**Problem statement**
Omit all pictures, then print the entries exactly.
-------
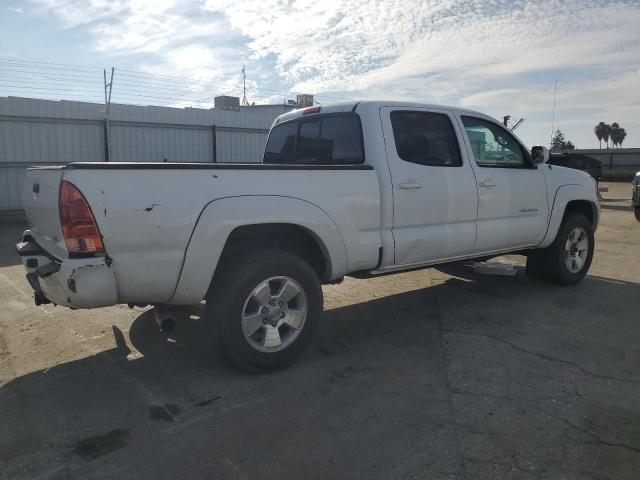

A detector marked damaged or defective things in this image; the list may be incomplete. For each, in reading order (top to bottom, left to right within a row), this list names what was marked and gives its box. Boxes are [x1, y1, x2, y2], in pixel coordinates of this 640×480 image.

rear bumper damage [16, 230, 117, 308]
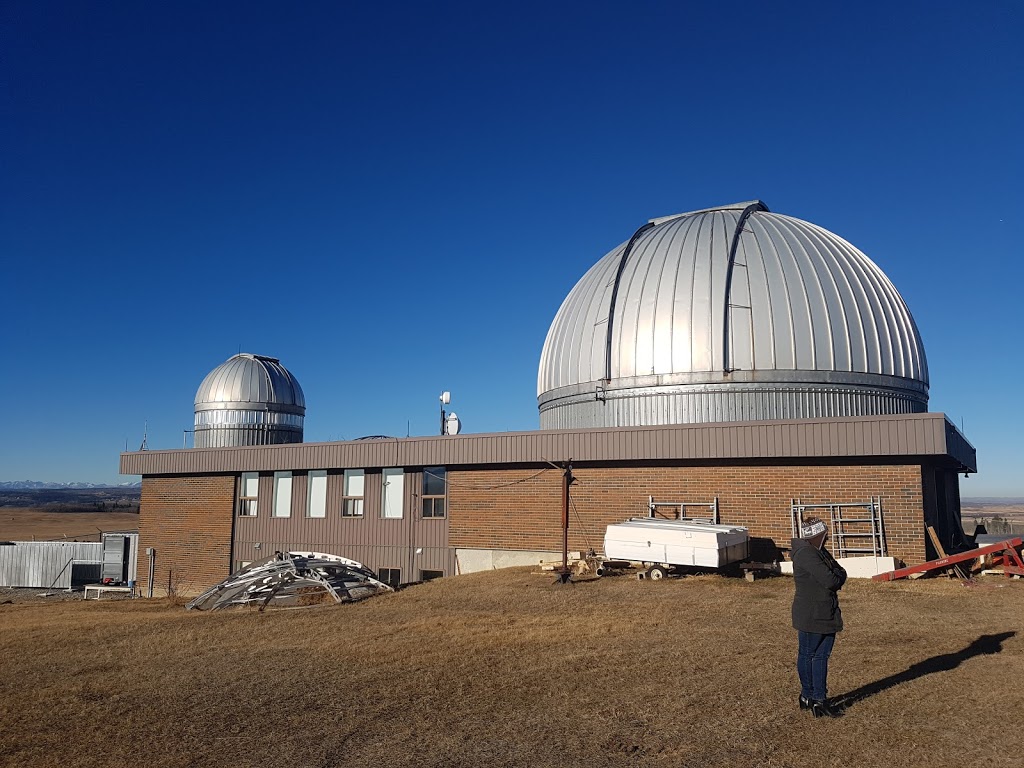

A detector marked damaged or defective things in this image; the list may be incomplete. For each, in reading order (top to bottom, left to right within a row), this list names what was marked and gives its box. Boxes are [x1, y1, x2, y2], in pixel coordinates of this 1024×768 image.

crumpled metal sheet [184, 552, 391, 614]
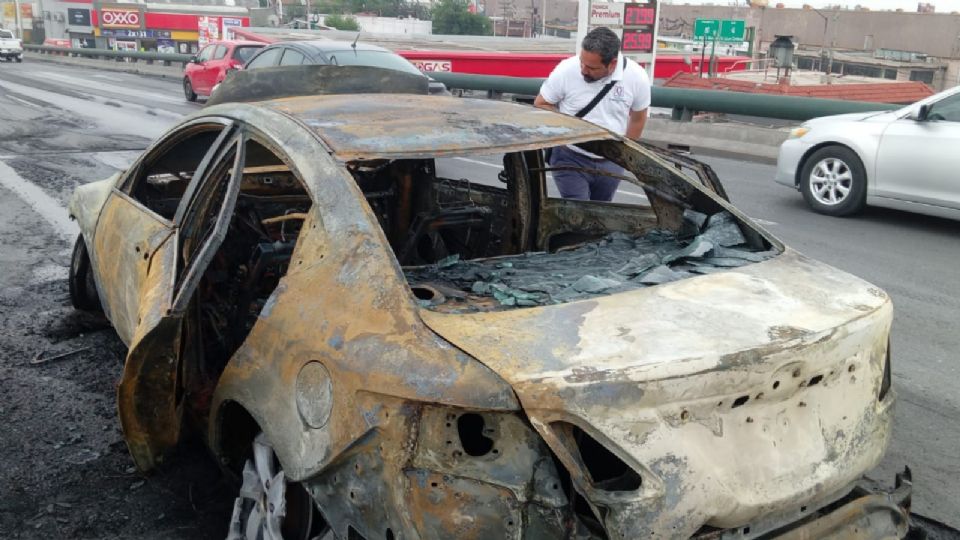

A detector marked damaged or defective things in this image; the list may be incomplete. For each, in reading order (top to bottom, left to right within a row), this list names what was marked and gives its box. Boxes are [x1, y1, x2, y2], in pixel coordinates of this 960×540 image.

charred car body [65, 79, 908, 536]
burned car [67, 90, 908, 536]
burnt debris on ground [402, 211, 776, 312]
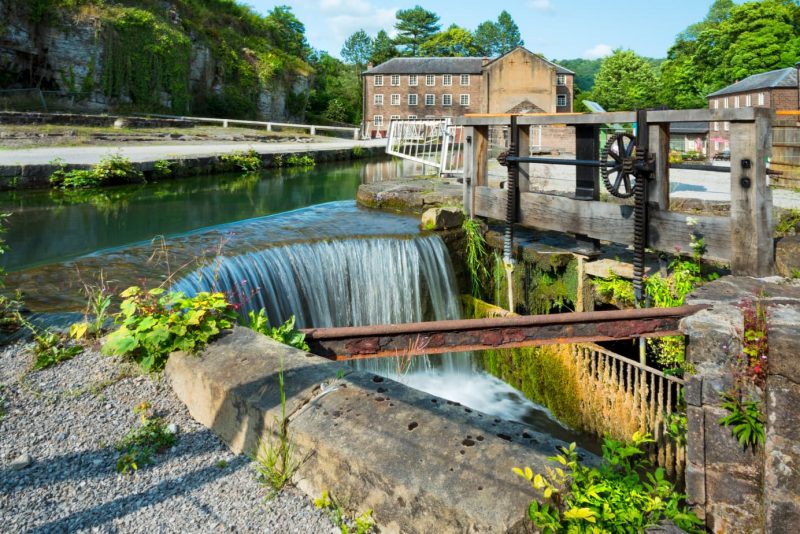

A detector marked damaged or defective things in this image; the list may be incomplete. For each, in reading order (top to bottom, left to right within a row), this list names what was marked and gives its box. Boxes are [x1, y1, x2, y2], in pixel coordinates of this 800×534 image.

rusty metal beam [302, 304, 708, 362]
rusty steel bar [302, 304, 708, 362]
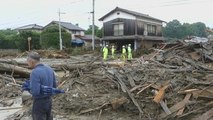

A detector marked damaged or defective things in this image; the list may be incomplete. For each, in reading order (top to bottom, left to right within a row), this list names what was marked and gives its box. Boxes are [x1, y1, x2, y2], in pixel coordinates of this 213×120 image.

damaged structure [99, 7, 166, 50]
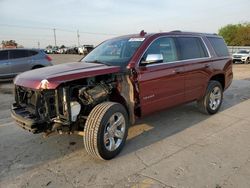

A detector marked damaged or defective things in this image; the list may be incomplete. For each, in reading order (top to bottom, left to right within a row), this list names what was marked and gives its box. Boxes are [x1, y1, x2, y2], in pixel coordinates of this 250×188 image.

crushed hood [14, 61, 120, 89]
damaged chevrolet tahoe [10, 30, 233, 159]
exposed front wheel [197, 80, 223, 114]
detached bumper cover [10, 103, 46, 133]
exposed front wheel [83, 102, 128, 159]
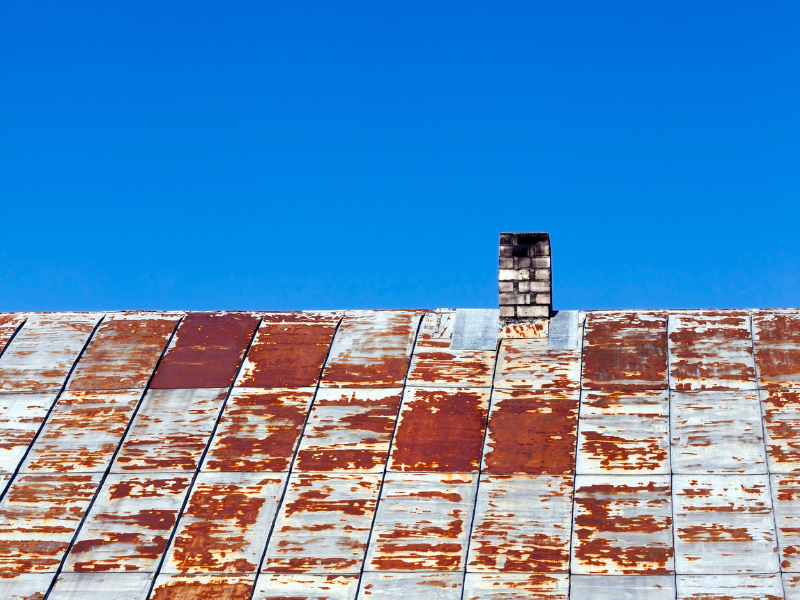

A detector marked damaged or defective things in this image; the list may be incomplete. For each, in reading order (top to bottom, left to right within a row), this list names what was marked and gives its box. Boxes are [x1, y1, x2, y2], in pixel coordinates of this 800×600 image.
-------
**Solution for this task**
A detector marked damaged or defective things in this image; the list may be incomplete. For each, in reading order (top to bottom, left to right within a row), this list names what was marked and gives its box. Boxes are [x1, y1, x2, y2], in pixel coordinates of this 640×480 image.

rear bumper damage [16, 230, 117, 308]

A detector marked damaged or defective things in this image; the list may be incomplete. For each, in reading order (top to bottom, left to right within a row), this list names what was marked and gives its box. Boxes are [x1, y1, x2, y2], in pixel coordinates of this 1024×768 image.

crumpled metal sheet [184, 552, 391, 614]

A detector marked damaged or defective things in this image; the list may be incomplete. For each, in reading order (top to bottom, left to right within a row), this list names what was marked and gives its box. Boxes are [x1, y1, x2, y2], in pixel coordinates of this 960×540 image.

charred car body [65, 79, 908, 536]
burned car [67, 90, 908, 536]
burnt debris on ground [402, 211, 776, 312]

A detector marked damaged or defective things in this image; the list may be incomplete. For each, in reading order (top to bottom, left to right within a row), this list names what was marked and gives its box. Boxes are [x1, y1, x2, y2], in pixel coordinates of this 800×534 image.

rusty metal beam [302, 304, 708, 362]
rusty steel bar [302, 304, 708, 362]

A detector marked damaged or defective things in this image; the list may be incomplete. For each, in reading order (top to bottom, left to right within a row), this list names what was marked and gives its box. Boxes are [x1, y1, x2, y2], in pixel coordinates of this 213×120 image.

damaged structure [99, 7, 166, 50]

A detector marked damaged or defective things in this image; the list may be incomplete. For each, in reading order (top to bottom, left to right within a row), this list names what was marked and gives its box. Boxes are [x1, y1, x2, y2], in pixel coordinates of this 250×188 image.

crushed hood [14, 61, 120, 89]
damaged chevrolet tahoe [10, 30, 233, 159]
exposed front wheel [197, 80, 223, 114]
detached bumper cover [10, 103, 46, 133]
exposed front wheel [83, 102, 128, 159]

A detector marked damaged or defective things in this image; the list may be incomplete. For each, in reading order (top to bottom, left to right within a row), this list names what was marked and gives its box. Boxes are [x1, y1, x2, y2], in pixel coordinates of this 800×600 image.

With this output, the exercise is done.